I withdrew my energy from digital spaces that pulled me away from my center; places where I felt disconnected from the core of myself.

I let go of the nagging idea that I needed to “send more cold emails” or “post xx times on Instagram per week” or “outreach to this or that person / organization / opportunity.”

I let go of my expectations — of what I needed to do, in order to be deserving of success.

I let go of FOMO — the idea that everything is happening out there, and I had to be out there, to be seen.

I let go of the feeling that I had something to prove, that I needed to check off success metrics to make the journey worth it.

I stopped chasing what’s out there, and instead, I received myself. I created a luxurious sense of spaciousness for my creative spirit.

I allowed her to take up space.

I gave her infinite space — on my website, which became my world.

my minimalist sharing rituals

in other words, I embraced being a digital hermit.

everyday, I wrote my ideas and made art. I posted them on my website. then, I sent a newsletter about it. that was it.

by retreating from the digital communal ponds of social media, or creative communities — I redirected 100% of my energy into my own world. I attuned myself acutely to what inspired me, what I believed in, and what I wanted to create. I sought out what inspired me — deliberately, and with intention. I shared it in a way that felt aligned with my energy.

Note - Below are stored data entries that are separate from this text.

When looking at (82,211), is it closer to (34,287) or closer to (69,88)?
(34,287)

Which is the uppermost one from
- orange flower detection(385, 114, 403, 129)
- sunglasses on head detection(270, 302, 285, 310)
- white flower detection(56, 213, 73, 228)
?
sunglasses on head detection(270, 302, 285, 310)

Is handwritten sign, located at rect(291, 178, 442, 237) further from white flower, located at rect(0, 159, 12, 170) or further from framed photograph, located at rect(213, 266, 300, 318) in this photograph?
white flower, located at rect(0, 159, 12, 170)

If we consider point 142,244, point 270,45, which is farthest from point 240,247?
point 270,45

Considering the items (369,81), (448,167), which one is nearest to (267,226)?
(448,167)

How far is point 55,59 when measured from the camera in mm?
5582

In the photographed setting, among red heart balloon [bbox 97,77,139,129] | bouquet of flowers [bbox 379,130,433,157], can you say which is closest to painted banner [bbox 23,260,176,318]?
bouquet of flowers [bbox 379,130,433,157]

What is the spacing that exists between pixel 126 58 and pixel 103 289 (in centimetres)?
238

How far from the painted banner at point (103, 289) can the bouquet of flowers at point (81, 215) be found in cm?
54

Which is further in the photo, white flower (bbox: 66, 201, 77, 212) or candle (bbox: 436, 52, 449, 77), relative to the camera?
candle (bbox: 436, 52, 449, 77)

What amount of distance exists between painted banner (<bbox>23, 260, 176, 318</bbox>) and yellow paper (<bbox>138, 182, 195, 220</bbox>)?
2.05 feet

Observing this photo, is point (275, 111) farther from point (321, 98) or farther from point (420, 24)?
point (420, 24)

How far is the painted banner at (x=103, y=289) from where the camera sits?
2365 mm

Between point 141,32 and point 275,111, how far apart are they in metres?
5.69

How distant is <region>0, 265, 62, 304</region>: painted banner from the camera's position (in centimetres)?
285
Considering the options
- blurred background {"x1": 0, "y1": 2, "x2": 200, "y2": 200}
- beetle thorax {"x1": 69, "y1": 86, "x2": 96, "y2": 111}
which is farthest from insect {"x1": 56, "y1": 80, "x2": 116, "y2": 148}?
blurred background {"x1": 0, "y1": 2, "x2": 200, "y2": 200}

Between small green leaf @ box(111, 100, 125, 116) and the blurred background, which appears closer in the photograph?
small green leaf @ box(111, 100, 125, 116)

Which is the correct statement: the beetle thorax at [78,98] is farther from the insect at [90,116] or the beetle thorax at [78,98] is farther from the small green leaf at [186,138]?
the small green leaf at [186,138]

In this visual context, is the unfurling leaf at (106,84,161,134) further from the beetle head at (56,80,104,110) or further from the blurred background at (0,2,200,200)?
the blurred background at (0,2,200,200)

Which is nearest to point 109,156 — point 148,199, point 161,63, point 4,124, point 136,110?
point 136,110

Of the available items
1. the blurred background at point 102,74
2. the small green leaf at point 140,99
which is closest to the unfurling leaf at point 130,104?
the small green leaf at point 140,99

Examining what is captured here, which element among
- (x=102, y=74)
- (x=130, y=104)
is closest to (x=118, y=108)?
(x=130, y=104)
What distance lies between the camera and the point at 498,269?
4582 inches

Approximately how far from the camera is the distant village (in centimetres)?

to this day, my core rituals are:

  1. Create things, everyday, as much as I can — for the pleasure and satisifaction of creating.

  2. Share it on my website*

  3. Send intimate email letters about it, as if written to an friend.


(*in addition to form-specific platforms, like podcast or videos)

in other words, I do less — but I do less things more intensely.


let people find you slowly

I don’t use social media. I don’t do any sort of publicity outreach.

instead, my strategy is this: I create my world, and I wait for people to find it. I wait for them to find me, and resonate — at some deeper level - with the work I do.

this might feel a bit radical, a bit passive, perhaps. it thwarts the urge to be seen by as many people as possible, as quickly as possible. it’s a long game; the labor of love that is growing a whole world.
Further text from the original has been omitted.